Monday, January 4, 2016

Because They Say So, That's Why

The U.S. government plans to spend $85 billion (about $1,000 per U.S. family) in cleaning up a single radioactive site at Hanford, Washington - not to avoid the searing radiation analogous to falling 100 feet, but to escape the almost imperceptible disturbance from falling less than two-tenths of an inch. In terms of our SXR units, the Hanford reservation area (if you can find it in the Easter Washington desert) has an annual "excessive" exposure of far less than 1 SXR, while it would take well over 6,000 SXR units to be fatal - and that would have to occur in a relatively short time or it might well be bio-positive.
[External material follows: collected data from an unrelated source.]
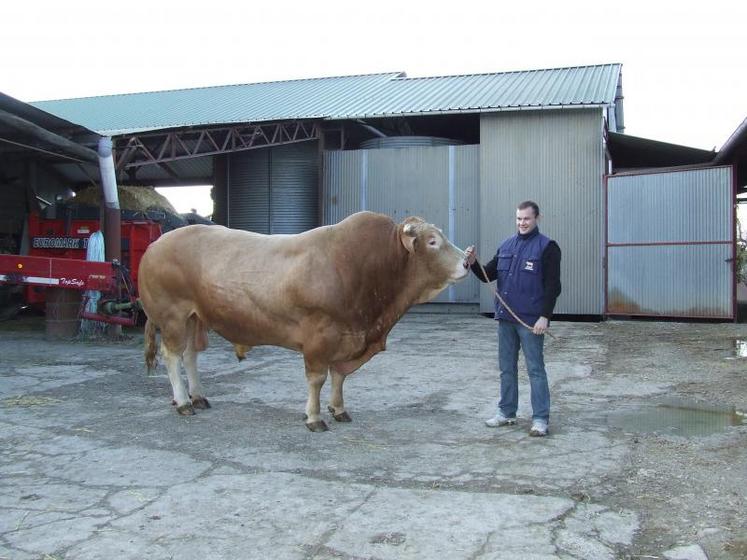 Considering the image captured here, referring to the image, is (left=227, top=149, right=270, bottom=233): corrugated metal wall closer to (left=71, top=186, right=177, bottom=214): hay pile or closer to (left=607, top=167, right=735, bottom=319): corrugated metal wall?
(left=71, top=186, right=177, bottom=214): hay pile

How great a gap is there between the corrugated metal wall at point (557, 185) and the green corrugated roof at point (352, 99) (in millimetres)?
487

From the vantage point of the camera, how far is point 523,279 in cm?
547

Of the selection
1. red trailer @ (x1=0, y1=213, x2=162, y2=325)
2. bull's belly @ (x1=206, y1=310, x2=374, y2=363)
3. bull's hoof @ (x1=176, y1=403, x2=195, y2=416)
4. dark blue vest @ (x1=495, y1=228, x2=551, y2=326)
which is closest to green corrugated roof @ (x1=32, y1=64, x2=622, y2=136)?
red trailer @ (x1=0, y1=213, x2=162, y2=325)

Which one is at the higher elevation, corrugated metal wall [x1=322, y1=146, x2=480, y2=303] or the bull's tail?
corrugated metal wall [x1=322, y1=146, x2=480, y2=303]

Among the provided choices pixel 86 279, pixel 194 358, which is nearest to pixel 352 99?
pixel 86 279

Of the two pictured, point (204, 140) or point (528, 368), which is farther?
point (204, 140)

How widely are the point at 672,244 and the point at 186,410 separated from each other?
10.9m

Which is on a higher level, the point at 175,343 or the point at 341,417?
the point at 175,343

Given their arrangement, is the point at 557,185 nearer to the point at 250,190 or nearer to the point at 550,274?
the point at 250,190

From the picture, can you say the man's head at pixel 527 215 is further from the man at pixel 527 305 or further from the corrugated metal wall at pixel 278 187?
the corrugated metal wall at pixel 278 187

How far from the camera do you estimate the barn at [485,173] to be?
13.7 meters

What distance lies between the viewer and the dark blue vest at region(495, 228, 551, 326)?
5.39 meters

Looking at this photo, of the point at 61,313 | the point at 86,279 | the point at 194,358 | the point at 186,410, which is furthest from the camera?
the point at 61,313

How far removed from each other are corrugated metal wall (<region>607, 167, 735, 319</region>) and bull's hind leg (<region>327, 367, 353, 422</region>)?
999cm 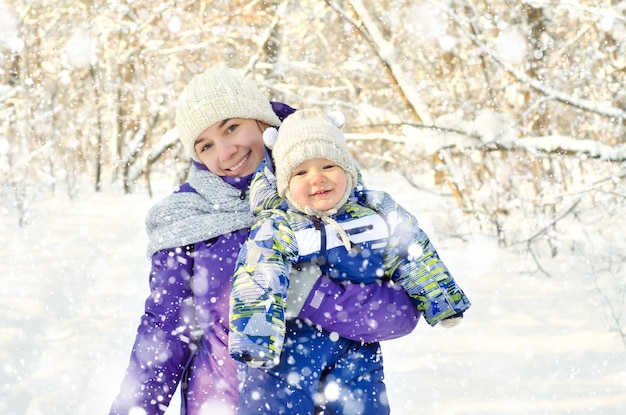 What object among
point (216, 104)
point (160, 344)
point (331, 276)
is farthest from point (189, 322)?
point (216, 104)

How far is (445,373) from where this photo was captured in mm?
4629

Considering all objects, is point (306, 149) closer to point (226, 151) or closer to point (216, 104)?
point (226, 151)

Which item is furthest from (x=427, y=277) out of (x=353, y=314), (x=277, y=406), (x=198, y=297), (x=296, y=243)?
(x=198, y=297)

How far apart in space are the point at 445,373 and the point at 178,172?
9.78 meters

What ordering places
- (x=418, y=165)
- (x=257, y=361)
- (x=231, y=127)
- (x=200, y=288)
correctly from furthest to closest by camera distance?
1. (x=418, y=165)
2. (x=231, y=127)
3. (x=200, y=288)
4. (x=257, y=361)

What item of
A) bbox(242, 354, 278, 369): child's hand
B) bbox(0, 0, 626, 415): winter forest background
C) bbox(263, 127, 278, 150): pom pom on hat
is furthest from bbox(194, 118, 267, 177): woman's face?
bbox(0, 0, 626, 415): winter forest background

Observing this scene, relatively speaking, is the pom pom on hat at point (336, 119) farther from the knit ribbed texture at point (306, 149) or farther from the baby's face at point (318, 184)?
the baby's face at point (318, 184)

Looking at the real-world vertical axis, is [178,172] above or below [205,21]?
below

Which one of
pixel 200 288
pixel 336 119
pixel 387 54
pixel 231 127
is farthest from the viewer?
pixel 387 54

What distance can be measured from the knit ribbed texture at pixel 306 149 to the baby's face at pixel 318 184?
0.02 m

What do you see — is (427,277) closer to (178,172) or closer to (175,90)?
(178,172)

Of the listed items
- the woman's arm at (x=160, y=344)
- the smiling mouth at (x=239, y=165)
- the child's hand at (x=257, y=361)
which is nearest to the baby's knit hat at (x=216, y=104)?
the smiling mouth at (x=239, y=165)

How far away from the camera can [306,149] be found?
2090mm

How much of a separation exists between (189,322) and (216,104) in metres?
0.78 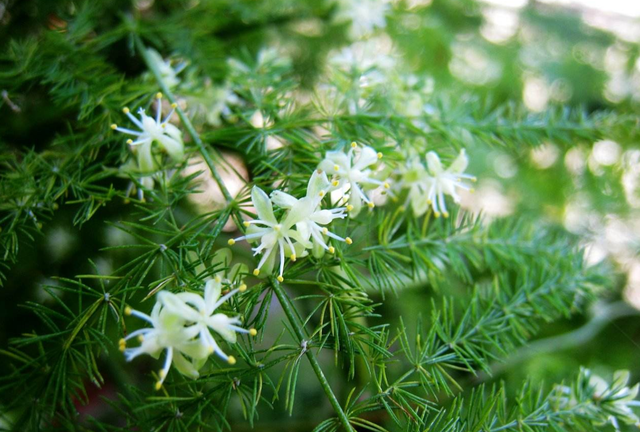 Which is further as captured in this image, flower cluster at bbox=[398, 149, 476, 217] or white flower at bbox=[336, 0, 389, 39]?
white flower at bbox=[336, 0, 389, 39]

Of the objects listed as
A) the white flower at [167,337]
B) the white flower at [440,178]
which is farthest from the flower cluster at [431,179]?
the white flower at [167,337]

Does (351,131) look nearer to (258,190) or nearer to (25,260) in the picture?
(258,190)

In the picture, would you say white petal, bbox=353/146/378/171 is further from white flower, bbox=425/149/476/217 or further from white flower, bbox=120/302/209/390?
white flower, bbox=120/302/209/390

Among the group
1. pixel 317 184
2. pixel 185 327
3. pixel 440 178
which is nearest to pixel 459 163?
pixel 440 178

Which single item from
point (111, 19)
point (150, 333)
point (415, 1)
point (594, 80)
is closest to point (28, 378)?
point (150, 333)

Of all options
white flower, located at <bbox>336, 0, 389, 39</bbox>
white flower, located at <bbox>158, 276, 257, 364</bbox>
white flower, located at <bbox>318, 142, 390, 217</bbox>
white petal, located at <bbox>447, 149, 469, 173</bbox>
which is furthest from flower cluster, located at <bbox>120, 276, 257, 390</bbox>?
white flower, located at <bbox>336, 0, 389, 39</bbox>

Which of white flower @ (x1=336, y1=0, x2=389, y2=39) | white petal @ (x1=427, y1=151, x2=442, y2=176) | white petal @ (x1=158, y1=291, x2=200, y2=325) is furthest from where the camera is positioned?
white flower @ (x1=336, y1=0, x2=389, y2=39)

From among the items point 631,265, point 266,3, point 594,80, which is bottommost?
point 631,265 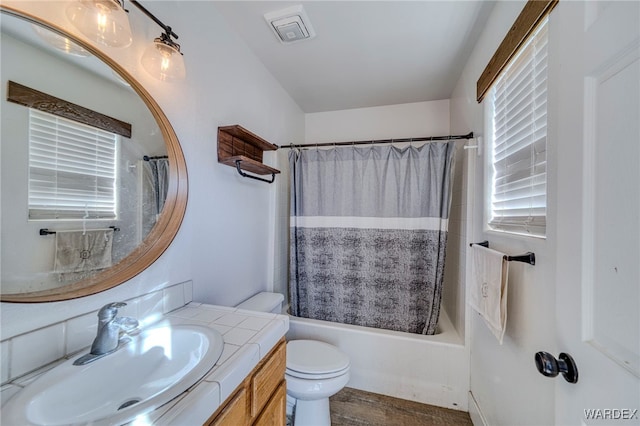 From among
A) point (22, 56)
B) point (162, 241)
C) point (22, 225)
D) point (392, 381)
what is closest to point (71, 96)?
point (22, 56)

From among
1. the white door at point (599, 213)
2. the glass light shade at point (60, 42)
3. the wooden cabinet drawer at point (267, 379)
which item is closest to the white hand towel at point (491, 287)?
the white door at point (599, 213)

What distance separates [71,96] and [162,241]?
56cm

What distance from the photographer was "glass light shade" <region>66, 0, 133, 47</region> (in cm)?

Alas long suffering taxpayers, I'm sorry to tell you that this is only one of four similar locations!

To these mega-clean-ups, you'll want to add the high cost of reducing the negligible emissions of nuclear plants, the counter-productive recommendations for reducing radon levels in homes, and last but not least - Yucca Mountain, the Federal government's potential (maybe some day in the future) high-level waste disposal site. In a move rivaling the building of Mayan pyramids to have a swell place to sacrifice virgins, Yucca Mountain is perhaps the greatest government boondoggle in U.S. history. Here we are spending billions of dollars to study outlandish fictions of (a) major climate changes bringing unprecedented rainfall to the desert where (b) the fictitious rain infiltrates through hundreds of feet of rock ordinarily considered impervious, to (c) dissolve stainless steel containers that hold the waste products after which they (d) seep through thousands of feet of rock into an isolated aquifer, into which (e) deep wells will be drilled that are impossible to drill without modern equipment, and (f) the water will be drunk by some unknown people who have modern drilling equipment, but no knowledge of any potential radiation danger. And that's the reasonable part of the Yucca Mountain story.

What is totally unreasonable is the contention that the so-called wastes would be harmful to anybody after 10,000 years no matter how they were eaten, drunk, sniffed, snorted, mainlined or whatever. Nuclear medicine therapies routinely involve millions of times any conceivable exposure from this nuclear "seep-out." Government-paid, regulatory-agency-entrenched "scientists" are bewailing a potential tragedy caused by "high level" wastes that, in 600 to 1,000 years, will be less radioactive than the ores from which they came!

In addition to the wasting of taxpayer money - which we'll get back to in later chapters - the LNT theory has created irrational and unwarranted fears in citizens, causing them needless worry over their essential medical X-rays, tricking them into believing that irradiated foods are dangerous, and even causing unnecessary concern about 30,000 delayed cancer deaths predicted for their European relatives resulting from Chernobyl... which, incidentally, will most likely never happen, but wouldn't be detectable if they did.

[Evidence is (as you will see) that there should be a decrease in the death rate in the higher ambient radiation areas. But, probably, we'll never be able to detect it. There would normally be approximately 25 million cancer deaths (plus or minus a few million) in the affected area. Thirty thousand additional would amount to a change of 0.1% - statistically undetectable. In the United States, cancer rates vary by about 50% between Utah (low) and the District of Columbia (high).]